Menjelang petang Senin lalu, sepasukan polisi bersenjata lengkap merayap menyisir jalan ke Kelurahan Gebang Rejo, Kecamatan Poso Kota. Dua Barracuda, kendaraan lapis baja polisi, ikut bergerak memperkuat patroli polisi yang datang dengan jalan kaki itu. Ini patroli kedua setelah Kamis sebelumnya, di kelurahan itu polisi terlibat kontak tembak dengan beberapa tersangka kasus kerusuhan Poso, yang rupanya bermukim di Gebang Rejo.

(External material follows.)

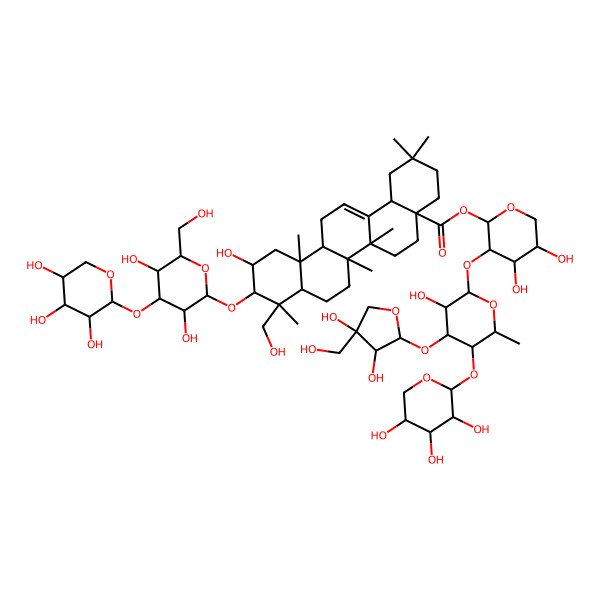 2D Structure of [3-[4-[3,4-Dihydroxy-4-(hydroxymethyl)oxolan-2-yl]oxy-3-hydroxy-6-methyl-5-(3,4,5-trihydroxyoxan-2-yl)oxyoxan-2-yl]oxy-4,5-dihydroxyoxan-2-yl] 10-[3,5-dihydroxy-6-(hydroxymethyl)-4-(3,4,5-trihydroxyoxan-2-yl)oxyoxan-2-yl]oxy-11-hydroxy-9-(hydroxymethyl)-2,2,6a,6b,9,12a-hexamethyl-1,3,4,5,6,6a,7,8,8a,10,11,12,13,14b-tetradecahydropicene-4a-carboxylate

Patroli kedua ini pun diwarnai insiden. Belum masuk ke bibir desa, suasana berubah riuh. Potongan batu bata tiba-tiba beterbangan menghujani satuan polisi itu. Botol-botol bersumbu berisi bensin yang terbakar meluncur dari keremangan, menghunjam ke dinding baja Barracuda. “Mereka menyerang dengan katapel dan bom molotov,” ujar seorang perwira polisi yang ikut patroli kepada Gatra.

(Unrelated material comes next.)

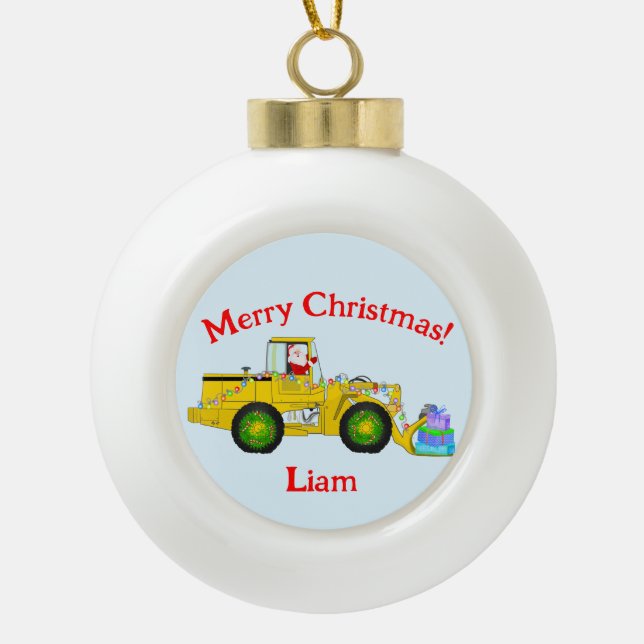 Boule En Céramique Joyeux Noël Père Noël En Bulldozer Livrant Cadeau (Devant)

Polisi memilih mundur. Selain menghindari bentrokan lebih jauh, mereka tidak ingin dituding menyerang warga di kala magrib. Warga Gebang Rejo tampaknya sudah bersiaga. Mereka menolak polisi memasuki wilayahnya. “Masak polisi mau patroli tidak boleh. Bahkan mereka mengancam mau menyerbu markas polres,” kata sumber di kepolisian yang menolak disebutkan namanya.

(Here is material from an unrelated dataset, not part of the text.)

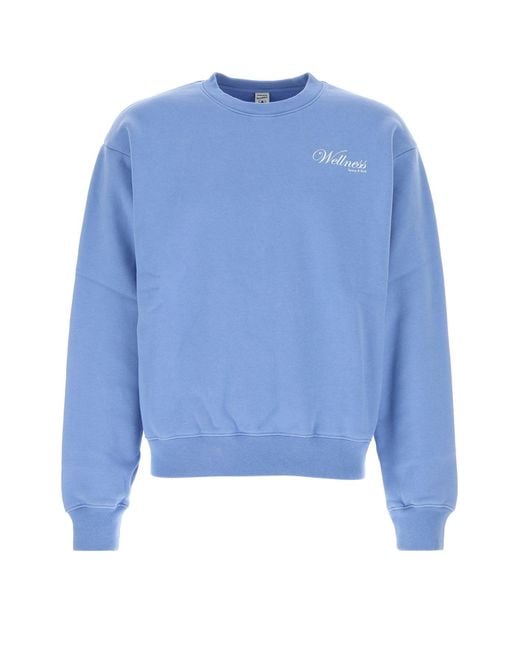 Sporty & Rich Light-blue Cotton Sweatshirt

Beberapa bulan belakangan ini, warga di sekitar Pesantren Amanah, Tanah Runtuh, yang masuk Kelurahan Gebang Rejo, memang menolak kehadiran polisi. Di depan Pondok Pesantren Amanah, sentral aktivitas warga Tanah Runtuh, terbentang spanduk yang mengharamkan kehadiran polisi. Tak jarang bentrokan polisi dengan warga hanya dipicu oleh kehadiran polisi di wilayah tersebut.
Penolakan ini pun menimbulkan tanda tanya. Menurut sumber Gatra, diduga sejumlah tersangka yang masuk daftar pencarian orang (DPO) kasus kerusuhan Poso bersembunyi di wilayah itu. Mereka disinyalir masih menyimpan senjata api. “Bukan cuma pistol, juga senapan,” ujar sumber Gatra itu, seraya menyebut senapan serbu seperti M-16 dan SS-1, bahkan UZI, yang diperkirakan dikirim dari Filipina Selatan. Benarkah?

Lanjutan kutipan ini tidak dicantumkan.